¿Cómo pones los precios? Efecto compromiso
Recibimos demasiada información. Tanta que nuestro cerebro se ve obligado a usar “atajos” que faciliten el uso de la memoria y la toma de decisiones.
Los siguientes ejemplos del día a día muestran claramente cómo muchas de nuestras decisiones son más inconscientes de lo que pensamos.
Y esto puede ser aprovechado: tanto a la hora de vender como de comprar.
Efecto compromiso: evita los extremos
Ante la incertidumbre, nuestro cerebro está configurado para evitar opciones extremas. Es decir, busca la seguridad. Y lo más seguro suele ser quedarse en el medio. Es lo que en psicología se conoce como heurística.
Se llevaron a cabo dos escenarios en un supermercado. En el primer escenario solo se ofertaban dos botellas de vino tinto: una por 5€ y la otra por 10€. El 80% de las personas escogió la opción más barata. Es decir, la de 5€.

¿Cómo podemos incrementar la venta de la botella de 10€ generando mayores márgenes para el supermercado?

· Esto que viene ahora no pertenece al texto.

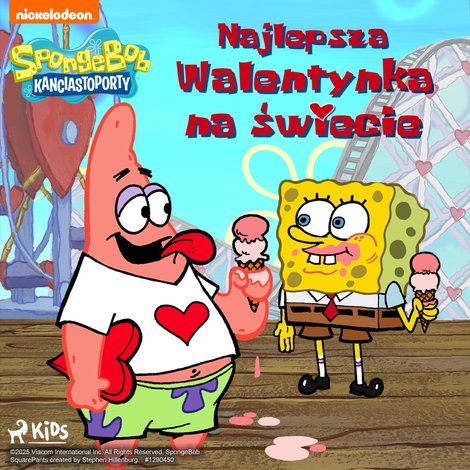 audiobooki: SpongeBob Kanciastoporty - Najlepsza walentynka na świecie &ndash; audiobook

Es más sencillo de lo que parece. Añadiendo una tercera botella de vino tinto por 15€.
Esto es lo que se hizo en el segundo escenario. Y, como era de esperar, la botella con el precio de 10€ se convirtió en la más vendida con un 50% de las ventas. La botella de 5€ pasó a ser el 40% de las ventas. Y un 10% de las ventas para la de 15€.

No es magia. Simplemente es consecuencia del funcionamiento de nuestro cerebro. Ante la duda no escogemos ni lo más barato ni lo más caro. Lo intermedio –acostumbramos a pensar- suele ser lo más seguro. O como decía Aristóteles: “La virtud está en el término medio”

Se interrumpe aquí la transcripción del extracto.